Joy McCall Dean, a life-long resident of the Church Street neighborhood just to the west of Main Street in Cornelius, said she is “afraid to walk on Main Street.” The sidewalks are old and narrow, she said at a Town Board meeting. In some places, they’re virtually level with the adjoining pavement.

The 35 mph speed limit in Cornelius “doesn’t make any sense,” she said. It would take about 45 seconds longer to traverse Main Street in Cornelius at 25 mph instead of 35 mph.

But lowering it is a big thing to some people. In fact, there was a man, resident Jim Cooke, sporting a sandwich board protesting any kind of speed reduction. Considerably younger than the members of the Town Board, he explained that to them, given their shorter life expectancy, they might very well favor lower speeds, but to him, a lifetime of driving more slowly on Main Street amounts to a considerable waste of time.

“Forty-six seconds doesn’t sound like a lot, but compounded over the years, it is,” Cooke said, carefully pointing out that some of the town commissioners will be, well, six feet under when he’s still driving Main Street.

Neil Simon could not have written a better comedy.

“We really want all areas of our town to be as walkable as possible, but especially [in] concentrated mixed-use areas where residents can interact with each other, local businesses, food and entertainment providers, schools and churches, and other community organizations without driving in automobiles,” said Dave Gilroy, 49, a long-time member—and, the youngest member—of the Town Board. “This kind of environment naturally supports a sense of place and connection, town character, stronger interpersonal relationships, health and fitness, and quality of life.

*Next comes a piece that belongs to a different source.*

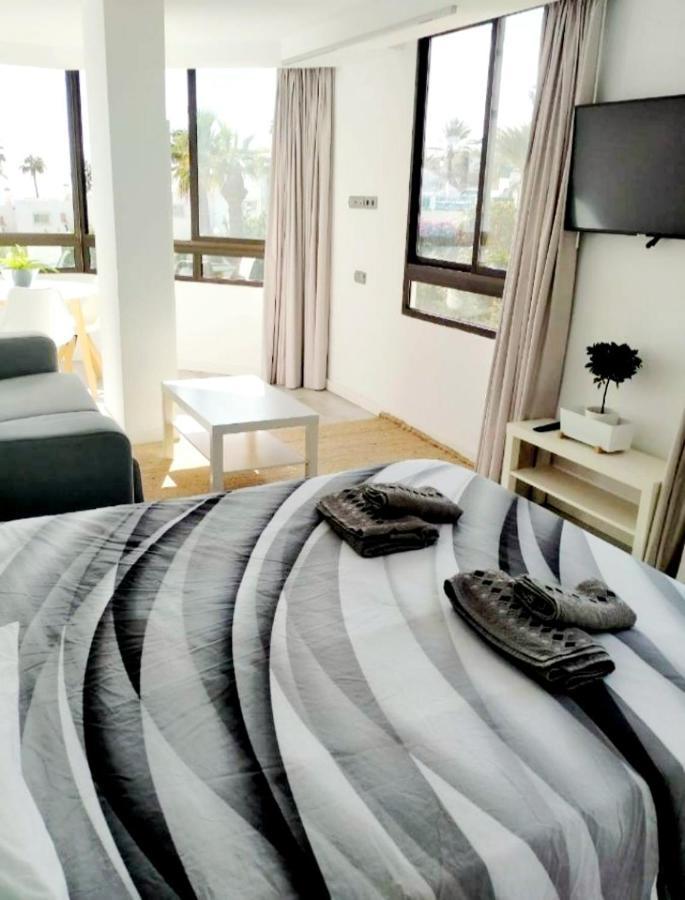 Nueva Europa Studio Ocean View Apartment Playa Del Aguila  ภายนอก รูปภาพ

The benefits are innumerable clearly–it’s a no-brainer.”

Town Commissioner Bruce Trimbur, an advocate of a more people-friendly scale, said slowing down speeds would create a “wonderful future community. If you have people flying by at 45 mph, it’s not going to happen.”

There is a historic shift taking place across America as many cities slowly move from the model of drivable suburban development—which has shaped America since the the 1940s—to a form of development called Walkable Urban. According to University City Partners, walkable urban centers are attractive to millennials, the next generation of homebuyers.

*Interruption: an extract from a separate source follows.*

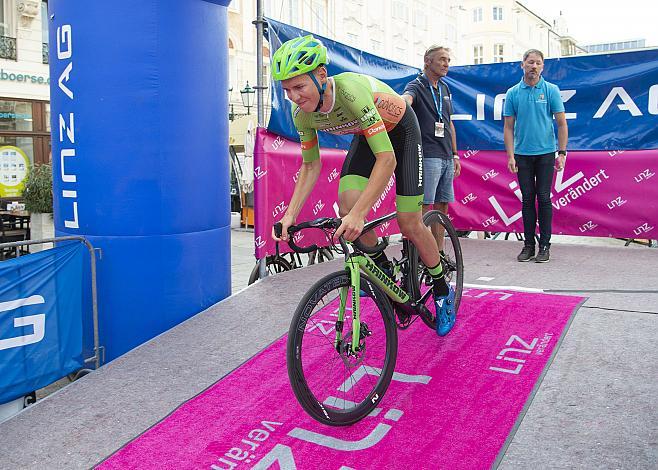 Daniel Eichinger (AUT, Hrinkow Advarics Cycleang Team) Linz Hauptplatz, Martinskirche,  Radsport 10. Int. OOE Rundfahrt Prolog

John Cock, a Davidson resident, rides his bike to work as often as he can at Alta Planning in downtown Davidson. Alta is doing a bicycling study for the Town of Cornelius.

“Millennials are helping transform how we look at things,” says Cock. “The millennials are going to be starting to buy houses…when you look at the millennial demographic nationally they want to have transportation choices, they want transit options, like biking, walking.”

He said pedestrian-friendly communities have a leg up on the competition from other municipalities when it comes to economic-development. “It is about economic development if people want to come to visit places, and invest in business and in places that have these amenities,” Cock said.

The Economist magazine in a September article said cities around the world are shifting their attention from “keeping cars moving to making it easier to walk, cycle and play on their streets.”

Cock said it was unfortunate that Jetton Road was recently rebuilt with four lanes and no accommodations for cyclists. Likewise, West Catawba was widened from Torrence Chapel to Jetton with no accommodations for biking.

“Speed limits are being slashed,” according to The Economist. “More than 700 cities in 50 countries now have bike-share schemes; the number has grown by about half in the past three years.”

Cock said Chicago Mayor Rahm Emanuel gets it. Chicago has invested on the order of $18 million in people-friendly bike lanes and greenways.

At the opening of Chicago’s new bike lane in the downtown Loop, Emanuel said he expected to recruit Seattle and Portland’s bikers and economic growth and “all the opportunities of the future that come with this.”